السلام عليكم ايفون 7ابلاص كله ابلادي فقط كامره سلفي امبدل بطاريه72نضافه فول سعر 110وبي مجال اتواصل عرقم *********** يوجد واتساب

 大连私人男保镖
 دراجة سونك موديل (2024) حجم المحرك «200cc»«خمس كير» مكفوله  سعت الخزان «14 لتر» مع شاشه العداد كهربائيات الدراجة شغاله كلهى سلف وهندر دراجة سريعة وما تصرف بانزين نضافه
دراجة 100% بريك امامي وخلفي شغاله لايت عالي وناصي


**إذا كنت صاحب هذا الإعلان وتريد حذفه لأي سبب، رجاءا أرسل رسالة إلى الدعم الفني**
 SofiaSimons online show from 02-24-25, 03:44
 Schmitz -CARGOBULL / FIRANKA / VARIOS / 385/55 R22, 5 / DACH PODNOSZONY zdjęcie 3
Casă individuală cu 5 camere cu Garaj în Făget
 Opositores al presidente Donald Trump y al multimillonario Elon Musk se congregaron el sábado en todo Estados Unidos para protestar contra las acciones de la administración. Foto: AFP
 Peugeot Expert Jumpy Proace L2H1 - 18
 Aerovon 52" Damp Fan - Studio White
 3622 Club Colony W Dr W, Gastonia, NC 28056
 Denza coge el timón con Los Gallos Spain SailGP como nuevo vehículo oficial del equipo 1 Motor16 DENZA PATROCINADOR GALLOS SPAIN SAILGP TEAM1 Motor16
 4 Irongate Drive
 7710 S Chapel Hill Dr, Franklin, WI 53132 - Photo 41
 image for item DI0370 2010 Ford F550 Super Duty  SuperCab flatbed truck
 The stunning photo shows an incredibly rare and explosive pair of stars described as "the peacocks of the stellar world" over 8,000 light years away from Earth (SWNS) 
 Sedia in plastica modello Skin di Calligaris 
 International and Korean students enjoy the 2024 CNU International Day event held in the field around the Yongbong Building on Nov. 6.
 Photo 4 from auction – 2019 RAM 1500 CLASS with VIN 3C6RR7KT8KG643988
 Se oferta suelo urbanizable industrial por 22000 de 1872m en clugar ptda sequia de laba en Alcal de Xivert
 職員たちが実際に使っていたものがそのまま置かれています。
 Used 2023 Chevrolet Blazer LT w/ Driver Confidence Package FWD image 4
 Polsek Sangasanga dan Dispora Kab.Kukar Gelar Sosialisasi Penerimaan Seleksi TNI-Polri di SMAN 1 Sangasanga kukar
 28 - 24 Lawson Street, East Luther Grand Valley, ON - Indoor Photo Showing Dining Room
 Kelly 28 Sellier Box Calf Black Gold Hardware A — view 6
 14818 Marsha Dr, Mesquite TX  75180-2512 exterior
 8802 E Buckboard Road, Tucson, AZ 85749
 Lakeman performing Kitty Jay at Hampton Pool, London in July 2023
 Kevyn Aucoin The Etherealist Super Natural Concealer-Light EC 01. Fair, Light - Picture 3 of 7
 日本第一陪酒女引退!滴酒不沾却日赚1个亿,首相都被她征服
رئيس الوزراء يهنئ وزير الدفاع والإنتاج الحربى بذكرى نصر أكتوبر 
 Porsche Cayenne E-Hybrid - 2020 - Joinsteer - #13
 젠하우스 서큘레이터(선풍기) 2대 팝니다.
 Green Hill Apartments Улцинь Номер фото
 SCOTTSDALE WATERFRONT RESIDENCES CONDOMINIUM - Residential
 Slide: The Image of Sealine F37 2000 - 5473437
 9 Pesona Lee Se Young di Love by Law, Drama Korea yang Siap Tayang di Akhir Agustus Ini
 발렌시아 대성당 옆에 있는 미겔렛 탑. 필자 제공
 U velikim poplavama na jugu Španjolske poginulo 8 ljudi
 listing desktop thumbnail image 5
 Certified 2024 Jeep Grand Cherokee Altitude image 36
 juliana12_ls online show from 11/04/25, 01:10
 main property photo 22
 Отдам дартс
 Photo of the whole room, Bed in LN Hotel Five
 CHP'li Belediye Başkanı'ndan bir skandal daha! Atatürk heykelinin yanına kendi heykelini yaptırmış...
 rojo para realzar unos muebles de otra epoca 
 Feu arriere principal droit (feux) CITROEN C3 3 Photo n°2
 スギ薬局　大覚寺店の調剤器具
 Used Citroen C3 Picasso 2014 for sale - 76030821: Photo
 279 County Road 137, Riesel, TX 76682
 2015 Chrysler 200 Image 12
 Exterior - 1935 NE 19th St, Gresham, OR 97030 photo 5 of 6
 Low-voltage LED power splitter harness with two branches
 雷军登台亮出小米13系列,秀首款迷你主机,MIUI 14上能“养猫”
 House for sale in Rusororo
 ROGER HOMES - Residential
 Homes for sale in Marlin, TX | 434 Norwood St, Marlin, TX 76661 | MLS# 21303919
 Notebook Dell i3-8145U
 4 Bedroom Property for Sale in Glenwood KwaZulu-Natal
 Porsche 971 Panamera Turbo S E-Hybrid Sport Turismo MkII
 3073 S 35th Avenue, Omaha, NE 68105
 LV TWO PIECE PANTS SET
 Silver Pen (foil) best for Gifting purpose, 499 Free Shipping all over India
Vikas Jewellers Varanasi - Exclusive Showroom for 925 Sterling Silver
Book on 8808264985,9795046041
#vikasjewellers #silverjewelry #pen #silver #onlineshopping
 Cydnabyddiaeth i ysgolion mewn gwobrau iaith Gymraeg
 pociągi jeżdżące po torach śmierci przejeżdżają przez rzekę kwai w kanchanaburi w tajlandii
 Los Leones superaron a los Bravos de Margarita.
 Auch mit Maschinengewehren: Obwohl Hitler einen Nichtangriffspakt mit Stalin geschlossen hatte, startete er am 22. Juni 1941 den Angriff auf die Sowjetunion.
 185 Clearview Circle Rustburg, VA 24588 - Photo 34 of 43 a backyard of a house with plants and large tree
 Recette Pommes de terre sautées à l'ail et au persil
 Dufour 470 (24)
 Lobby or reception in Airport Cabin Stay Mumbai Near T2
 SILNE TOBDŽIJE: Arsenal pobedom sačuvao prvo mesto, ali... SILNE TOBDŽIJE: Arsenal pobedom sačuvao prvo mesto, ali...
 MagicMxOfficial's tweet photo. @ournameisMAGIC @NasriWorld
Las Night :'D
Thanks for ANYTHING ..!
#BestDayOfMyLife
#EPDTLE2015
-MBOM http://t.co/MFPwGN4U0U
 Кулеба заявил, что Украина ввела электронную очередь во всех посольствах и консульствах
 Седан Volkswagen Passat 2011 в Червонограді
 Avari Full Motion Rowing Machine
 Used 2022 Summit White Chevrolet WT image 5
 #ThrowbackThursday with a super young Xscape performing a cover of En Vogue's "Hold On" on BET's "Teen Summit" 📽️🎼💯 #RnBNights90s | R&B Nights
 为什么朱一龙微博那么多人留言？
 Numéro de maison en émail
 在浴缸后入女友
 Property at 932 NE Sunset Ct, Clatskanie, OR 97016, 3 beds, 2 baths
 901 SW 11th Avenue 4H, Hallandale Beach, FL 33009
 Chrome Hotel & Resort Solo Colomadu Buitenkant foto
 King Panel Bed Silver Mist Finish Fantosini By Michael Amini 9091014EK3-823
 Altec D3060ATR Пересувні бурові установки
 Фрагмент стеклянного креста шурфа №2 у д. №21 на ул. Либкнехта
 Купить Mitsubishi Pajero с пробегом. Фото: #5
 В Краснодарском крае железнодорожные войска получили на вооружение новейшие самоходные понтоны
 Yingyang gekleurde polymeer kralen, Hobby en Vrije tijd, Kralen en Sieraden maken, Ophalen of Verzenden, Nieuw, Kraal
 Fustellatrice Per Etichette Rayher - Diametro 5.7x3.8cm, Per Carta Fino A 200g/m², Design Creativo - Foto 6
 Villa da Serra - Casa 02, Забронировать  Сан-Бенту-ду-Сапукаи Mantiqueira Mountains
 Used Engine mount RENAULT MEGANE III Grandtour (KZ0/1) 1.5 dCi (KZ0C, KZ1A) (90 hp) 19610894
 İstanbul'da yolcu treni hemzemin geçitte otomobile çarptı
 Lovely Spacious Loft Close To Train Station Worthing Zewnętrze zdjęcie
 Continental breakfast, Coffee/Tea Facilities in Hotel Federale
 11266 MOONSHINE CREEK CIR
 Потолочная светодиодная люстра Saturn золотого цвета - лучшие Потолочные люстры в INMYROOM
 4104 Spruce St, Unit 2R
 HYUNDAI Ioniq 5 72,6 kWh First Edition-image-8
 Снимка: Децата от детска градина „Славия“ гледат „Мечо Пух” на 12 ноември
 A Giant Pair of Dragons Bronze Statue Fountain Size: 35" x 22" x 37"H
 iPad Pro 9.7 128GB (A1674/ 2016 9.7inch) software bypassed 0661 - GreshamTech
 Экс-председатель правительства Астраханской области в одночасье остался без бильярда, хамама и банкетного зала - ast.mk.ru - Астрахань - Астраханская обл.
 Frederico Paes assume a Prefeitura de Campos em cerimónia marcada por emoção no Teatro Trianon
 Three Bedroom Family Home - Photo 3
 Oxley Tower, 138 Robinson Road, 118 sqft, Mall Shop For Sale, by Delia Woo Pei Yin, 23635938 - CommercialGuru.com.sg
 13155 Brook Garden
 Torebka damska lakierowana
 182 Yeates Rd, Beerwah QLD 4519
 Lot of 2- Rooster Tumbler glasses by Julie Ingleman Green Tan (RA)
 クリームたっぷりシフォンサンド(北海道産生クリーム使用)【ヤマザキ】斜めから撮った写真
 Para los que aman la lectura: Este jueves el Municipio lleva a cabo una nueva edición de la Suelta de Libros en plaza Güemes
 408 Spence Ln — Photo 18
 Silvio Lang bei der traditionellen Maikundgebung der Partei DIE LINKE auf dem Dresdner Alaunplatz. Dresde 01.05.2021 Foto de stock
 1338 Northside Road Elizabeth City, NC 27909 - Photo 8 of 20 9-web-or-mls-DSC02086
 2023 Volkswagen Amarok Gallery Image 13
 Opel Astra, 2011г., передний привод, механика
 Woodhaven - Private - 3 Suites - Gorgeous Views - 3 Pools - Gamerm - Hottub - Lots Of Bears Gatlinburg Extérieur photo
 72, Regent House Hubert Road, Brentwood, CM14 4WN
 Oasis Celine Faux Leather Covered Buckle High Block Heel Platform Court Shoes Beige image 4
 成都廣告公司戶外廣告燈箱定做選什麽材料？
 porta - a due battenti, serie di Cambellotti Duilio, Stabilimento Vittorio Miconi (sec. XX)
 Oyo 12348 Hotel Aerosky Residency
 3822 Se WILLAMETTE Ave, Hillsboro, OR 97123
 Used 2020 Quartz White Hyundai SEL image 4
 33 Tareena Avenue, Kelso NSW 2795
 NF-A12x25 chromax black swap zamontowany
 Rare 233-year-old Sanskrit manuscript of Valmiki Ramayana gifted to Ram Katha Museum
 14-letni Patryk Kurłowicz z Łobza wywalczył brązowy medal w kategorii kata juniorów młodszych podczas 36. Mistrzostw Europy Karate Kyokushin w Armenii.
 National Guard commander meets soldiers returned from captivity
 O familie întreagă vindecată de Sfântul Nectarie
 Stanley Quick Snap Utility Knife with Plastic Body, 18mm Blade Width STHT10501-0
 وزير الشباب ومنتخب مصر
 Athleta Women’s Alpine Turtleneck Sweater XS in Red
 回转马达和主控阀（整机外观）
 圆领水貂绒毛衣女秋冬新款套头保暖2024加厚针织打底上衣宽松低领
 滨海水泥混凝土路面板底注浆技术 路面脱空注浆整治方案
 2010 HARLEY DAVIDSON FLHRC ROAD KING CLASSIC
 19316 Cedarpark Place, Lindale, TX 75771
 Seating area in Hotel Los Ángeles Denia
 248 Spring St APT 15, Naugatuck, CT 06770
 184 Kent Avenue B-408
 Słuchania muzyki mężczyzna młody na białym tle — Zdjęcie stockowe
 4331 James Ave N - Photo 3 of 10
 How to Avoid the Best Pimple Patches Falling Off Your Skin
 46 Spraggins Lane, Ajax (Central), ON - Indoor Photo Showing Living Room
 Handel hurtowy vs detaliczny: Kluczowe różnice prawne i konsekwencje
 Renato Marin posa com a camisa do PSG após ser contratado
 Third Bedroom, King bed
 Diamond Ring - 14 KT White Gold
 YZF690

·····

Activity:
Look above for the line holding "Para los que". Print it and every line after it, exactly, through the line holding "Athleta Women’s Alpine".

Answer to the exercise:
 Para los que aman la lectura: Este jueves el Municipio lleva a cabo una nueva edición de la Suelta de Libros en plaza Güemes
 408 Spence Ln — Photo 18
 Silvio Lang bei der traditionellen Maikundgebung der Partei DIE LINKE auf dem Dresdner Alaunplatz. Dresde 01.05.2021 Foto de stock
 1338 Northside Road Elizabeth City, NC 27909 - Photo 8 of 20 9-web-or-mls-DSC02086
 2023 Volkswagen Amarok Gallery Image 13
 Opel Astra, 2011г., передний привод, механика
 Woodhaven - Private - 3 Suites - Gorgeous Views - 3 Pools - Gamerm - Hottub - Lots Of Bears Gatlinburg Extérieur photo
 72, Regent House Hubert Road, Brentwood, CM14 4WN
 Oasis Celine Faux Leather Covered Buckle High Block Heel Platform Court Shoes Beige image 4
 成都廣告公司戶外廣告燈箱定做選什麽材料？
 porta - a due battenti, serie di Cambellotti Duilio, Stabilimento Vittorio Miconi (sec. XX)
 Oyo 12348 Hotel Aerosky Residency
 3822 Se WILLAMETTE Ave, Hillsboro, OR 97123
 Used 2020 Quartz White Hyundai SEL image 4
 33 Tareena Avenue, Kelso NSW 2795
 NF-A12x25 chromax black swap zamontowany
 Rare 233-year-old Sanskrit manuscript of Valmiki Ramayana gifted to Ram Katha Museum
 14-letni Patryk Kurłowicz z Łobza wywalczył brązowy medal w kategorii kata juniorów młodszych podczas 36. Mistrzostw Europy Karate Kyokushin w Armenii.
 National Guard commander meets soldiers returned from captivity
 O familie întreagă vindecată de Sfântul Nectarie
 Stanley Quick Snap Utility Knife with Plastic Body, 18mm Blade Width STHT10501-0
 وزير الشباب ومنتخب مصر
 Athleta Women’s Alpine Turtleneck Sweater XS in Red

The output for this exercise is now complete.